The musicians cleared the stage to allow for the school’s prized Steinway concert grand piano to be wheeled to center stage. The orchestra members returned, tuned up under the watchful gaze of concertmaster, Ying Xue, and welcomed to the stage Kuerti, now accompanied by young Evan Wong, a recent graduate of the Walnut Hill School. In his first year of studies at NEC, Wong is the winner of the 2009 NEC Piano Concerto Competition. With this performance he was making his orchestral debut. And what a debut it was!
From the opening strains of Rachmaninoff’s Rhapsody on a Theme of Paganini, it was clear that the audience was in for a special treat. This piece is a part of the standard repertoire for almost every great pianist. It is technically challenging and emotionally draining. Wong, Kuerti and the orchestra played together in a glorious display of symphonic music at its best. Over the years, I have heard in concert many of the world’s finest pianists – from Van Cliburn to Emmanuel Ax to Peter Serkin to Evgeny Kissin. So, I am not easily impressed. Last evening, I was impressed. Not only did Wong demonstrate mastery of the keyboard and of Rachmaninoff’s complex rhythms, chord structures, scales and arpeggios, he showed an openness of spirit and a stage presence that belied his tender teenage years.
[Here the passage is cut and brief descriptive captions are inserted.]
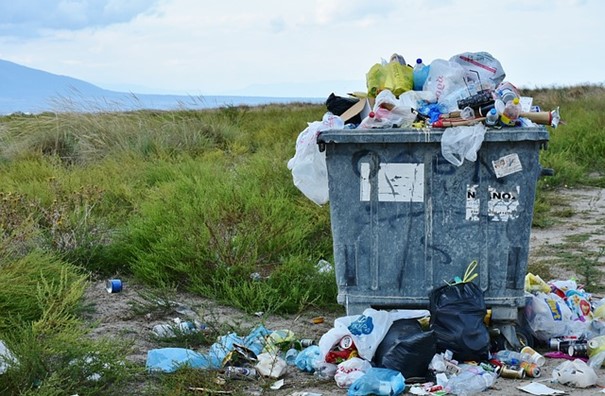 Žďár n. S. chce ukázat, kolik odpadu zůstává u popelnic, naveze ho na náměstí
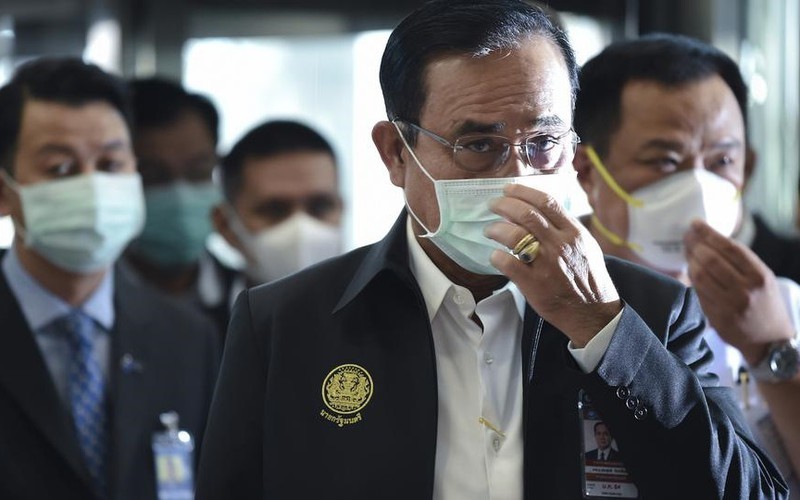 Thủ tướng Thái Lan đeo khẩu trang phòng Covid-19. Ảnh: AFP.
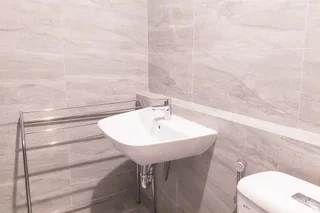 Тангеранг: Comfortable Studio At Collins Boulevard Apartment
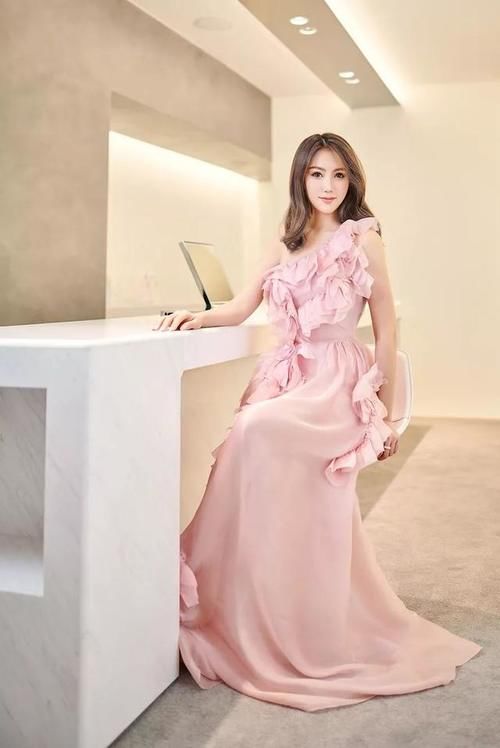 Baby带儿子小海绵打入上海顶级富婆圈，自曝平时负责给大家订餐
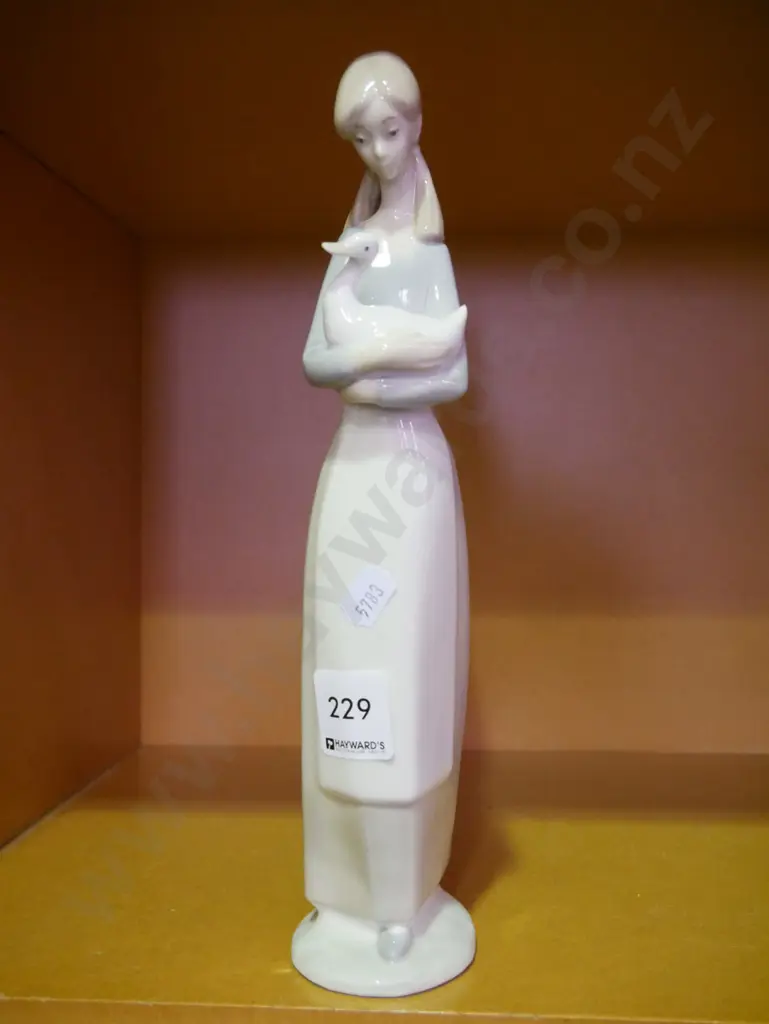 Nao figurine- girl and goose H-260 Image 1++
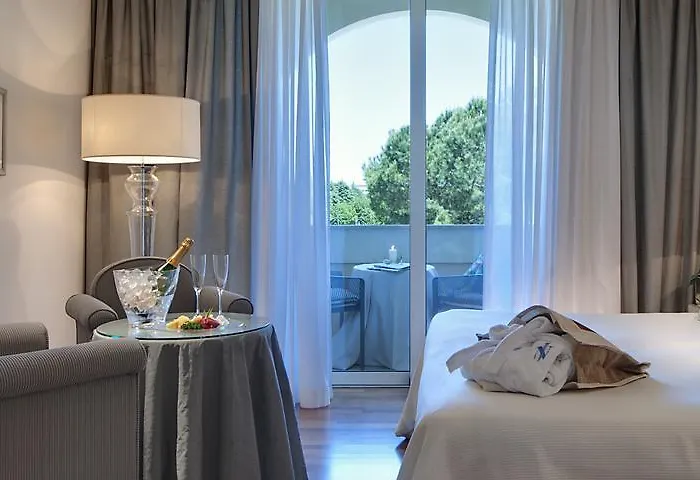 Hotel Terme Neroniane 4*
This was a performance that would have brought the crowd to their feet in any of the great concert halls in the world. During the familiar and lyrical 18th variation, the andante cantabile movement that even most casual music fans would recognize, the effect was so beautiful and electrifying that I sat spellbound and moved to tears. That does not often happen to me during a classical concert.
As the final notes reverberated through the rafters of the historic concert hall, many in the audience leapt to their feet, clapping, hollering, and exulting in what we had just experienced. Wong and Kuerti were called back to the stage three times. As the lights came up to signal intermission, I began to reflect on what I had just heard and seen. Could Wong’s performance have been as exceptional as I had thought, or was I over reacting? So, I took advantage of the break to do a quick poll of the professional musicians I recognized in the audience. John Harbison affirmed my assessment that on a technical and emotional level, it was an extraordinary performance. Benjamin Zander, the legendary conductor of the Boston Philharmonic Orchestra was next in my sights. I waited for him to congratulate Wong and the pianist’s family, and then I asked his opinion:
“If Rachmaninoff were alive, he would be amazed that a high school kid was able to play his Rhapsody with such mastery. I have seen and heard Evan perform in the past, and he has always been somewhat reserved. Tonight, he opened himself up to the music and to the audience. It was very special.”
I feel privileged to have been at Jordan Hall to experience the magical moment. As I left the building, I was almost tempted to gaze at the sky to see if a super nova had appeared, signaling the birth of a king. A new star has appeared in the musical firmament. Remember the name Evan Wong.